● **Provided information**:
————
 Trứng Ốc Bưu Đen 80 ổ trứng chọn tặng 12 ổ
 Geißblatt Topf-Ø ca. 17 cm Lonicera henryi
————
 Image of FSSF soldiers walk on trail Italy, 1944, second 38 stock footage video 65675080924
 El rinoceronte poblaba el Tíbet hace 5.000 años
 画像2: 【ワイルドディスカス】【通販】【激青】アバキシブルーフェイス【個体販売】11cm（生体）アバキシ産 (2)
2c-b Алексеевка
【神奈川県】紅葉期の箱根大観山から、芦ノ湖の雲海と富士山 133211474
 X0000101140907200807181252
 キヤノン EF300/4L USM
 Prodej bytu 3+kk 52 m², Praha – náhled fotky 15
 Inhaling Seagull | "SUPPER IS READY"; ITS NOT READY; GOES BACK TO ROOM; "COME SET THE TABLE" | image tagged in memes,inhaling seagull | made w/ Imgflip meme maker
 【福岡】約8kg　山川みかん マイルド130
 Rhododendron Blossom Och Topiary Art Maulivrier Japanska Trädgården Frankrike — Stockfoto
————
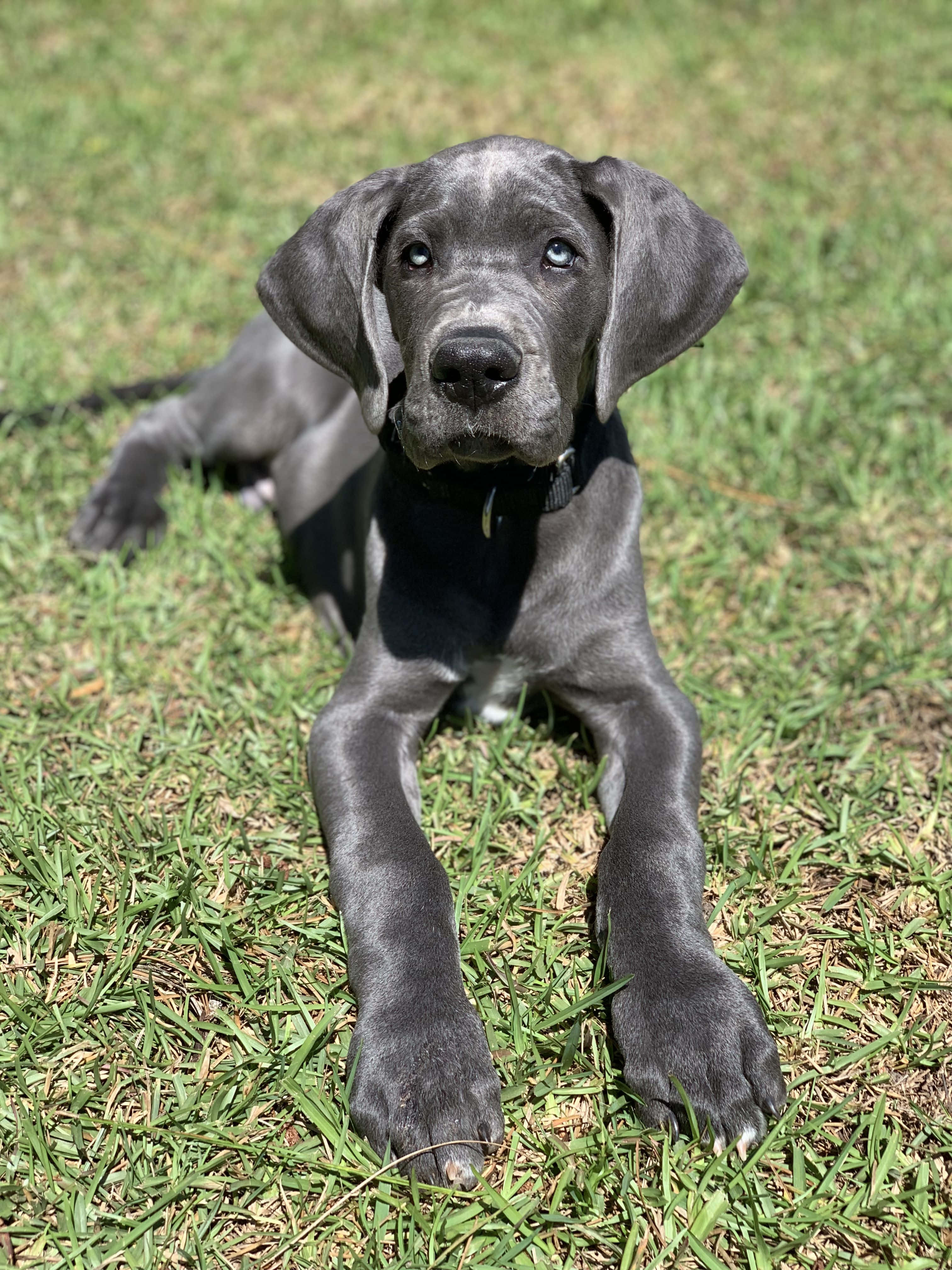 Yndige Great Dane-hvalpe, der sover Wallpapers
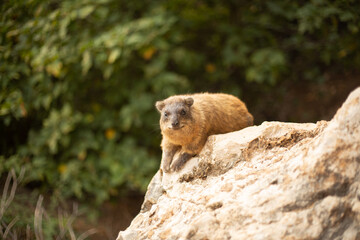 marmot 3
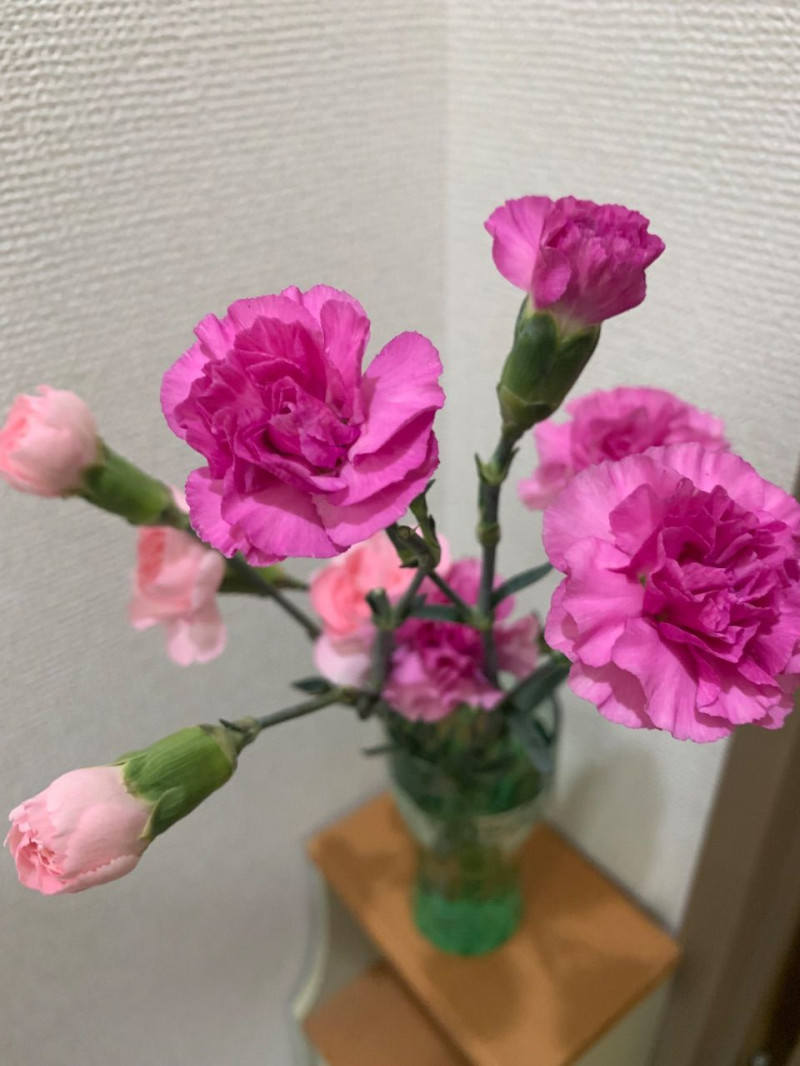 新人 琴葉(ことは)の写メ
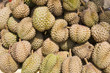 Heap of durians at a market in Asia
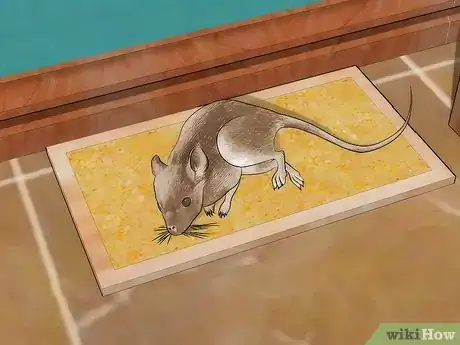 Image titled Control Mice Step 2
————
● **Action item**: Write out exactly the lines above between the line with "Trứng Ốc Bưu Đen 80 ổ trứng chọn tặng 12 ổ" and the line with "Geißblatt Topf-Ø ca. 17 cm Lonicera henryi", inclusive, and nothing beyond them.

● **The completed task**:
 Trứng Ốc Bưu Đen 80 ổ trứng chọn tặng 12 ổ
 Geißblatt Topf-Ø ca. 17 cm Lonicera henryi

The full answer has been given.